He's got an AC system and a 300 volt traction battery. The van will go around 40 miles (with the benefit of regen) in moderately hilly seattle.

While the vehicle size and weight is more than some other conversion candidates is isn't that much worse than a pickup truck, and vanagons have such high GVW that you can carry a lot of weight without exceeding GVW. Sounds like you don't plan a lot of high speed driving so aerodynamics aren't a concern either.

As for the solar/wind charging from your original post it sounds like you've already familiarized yourself with the disadavantages of carrying solar panels or a pop-up wind generator on the car, but it is true that the vanagon roof is big enough for a few hundred watts of solar which in sunny CA could give a significant charge boost over the course of a day parked in the sun though it might take a few days to get a full charge.

Another fellow (also in seattle) has a solar array on his EV pickup conversion up on a roof rack and it will charge his 120V battery at a couple of amps in full sun. The downside is the extra weight and drag (he does use the freeway.

Good Luck.


----------



## Wiredsim (Jul 4, 2008)

If your really willing to spend 20k you can now start to get a LifePo4 or Lithium Manganese setup with an AC drive that will more then meet your range requirements.

Its really about how DIY you want to get, and how good of a hunter you are. Do you want a off the shelf type setup or a scrap yard build? These are really at two ends of the spectrum, but the really awesome thing about EV DIY right now is you can really pick and choose where on that spectrum you want to be. For example you could get a scrapyard forklift motor and jerry-rig a controller, or you could buy a DC motor / controller combo from a supplier with a warranty. 

Since you already have the donor vehicle you really could put together a decent city speed lead battery based DC drive EV for I think less then 4-6K with made-for-ev parts.

Good luck with your build! I think that would be an awesome setup for what you want.


----------



## terrificKid (Sep 19, 2008)

Thanks for the input all! Great link to the VW bus conversion!

I've done a good amount of reading now and could use some tips.

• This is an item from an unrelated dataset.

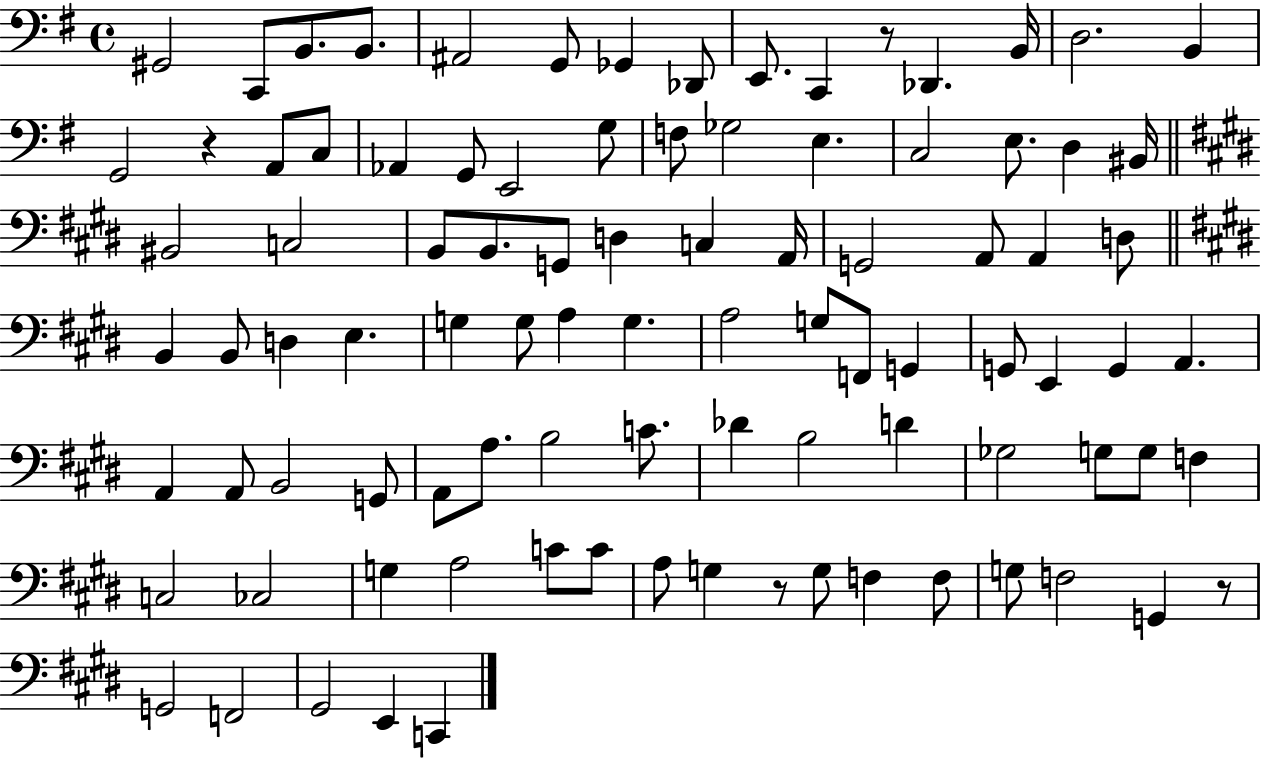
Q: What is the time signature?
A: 4/4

Specifically confused about AC vs. DC and optimal system voltage. I'm leaning towards an AC system currently. As I understand, AC motors are more efficient, run at higher voltages (higher V = more efficient?) and Regen breaking is an AC only thing? 

However, higher voltages seems to equal more batteries and space is a surprisingly large concern to me. I found this conversion: http://www.solarvan.co.uk/how.htm - which is an AC bus with LiFEp04s runing at 96V. 

I thought a low voltage AC system is like shooting yourself in the foot? What are the disadvantages of a low Volt Ac system?

A LiFEp04 battery system is intriguing, but is it really worth it right now? The $ per kWh is way higher than typical lead acids. Can it make up for it in weight or space? Also, if I go with LiFEp04s I'll need a BMS system. If I'm going to have onboard solar charging, the BMS system will be running round the clock. Does a BMS use up much power as it regulates the batteries?

Thanks,
TK


----------



## madderscience (Jun 28, 2008)

AC systems are generally designed for higher voltages, meaning they work best (best efficiency, best power) at higher voltages, often 200-300 volts. DC motors used in EVs usually are rated at 72-120 volts though often they are driven to higher voltages than that, but rarely more than 156 or so unless the car is a dedicated dragster.

The efficiency difference between AC and DC is really rather small (a few percent difference) and can easily be eclipsed by other factors like chassis selection, gear ratio and driving style. Regen will only help you if you do a lot of stop and go or have to deal with hills that are steep and long enough that you would be riding the brakes going back down them. Regen might buy you 10% additional range over a setup without. That 10% is what people who have it usually claim.

Regen is difficult to do with the type of DC motor (series wound) most often used in DC conversions. There is information in the wiki regarding why this is.

Higher voltage does mean more batteries but often they are also smaller, so the energy capacity (watt hours, which is basically proportional to battery pack weight) may not be any different. 288V at 50AH is the same as 144v at 100AH in terms of energy storage.

In a conversion, higher voltage batteries have the advantage of being able to use smaller and lighter cabling, and the disadvantage of possibly more expensive batteries (often AGMs are used in very high voltage packs) and more expensive components like fuses, circuit breakers, etc. to handle the rated voltage. 

I won't be convinced that LiFePO4 is worth in until I see some systems that have been in operation long enough to pay back the cost. I can buy 3 or 4 lead acid battery pack replacements right now for the cost of one equivalent lithium pack for my car and its associated BMS. This means if my lead acid pack lasts 3-5 years (1 year old now) then at minimum the lithium setup needs to be good for 10 years. Of course lithium has an immediate benefit of being much lighter and more compact. For the same weight in lithium vs. lead you would triple your range. for the same range as a lead pack, your lithium would weigh 1/3 as much.

Given the goals and usage you described, I'd take the extra $10K for lithuim and plow it into a grid tied PV system for your house and a couple of panels on top of the van.


----------



## Madmac (Mar 14, 2008)

The efficiency difference between AC and DC is not that great, less than 10% at the best (excluding regen).

The one big advantage and why all serious commercial electric vehicles use AC (or BLDC) is that it is fail safe. Any fault in an AC system the motor will stop. In a DC system the failure mode will be full power to motor, if you are lucky this will then blow the faulty devices apart and the motor will stop.

If you expect other people to drive the vehicle who may not be up to hitting a stop button or pulling a breaker trip cord in an emergency then go AC.

Down side is the cost.

Madmac


----------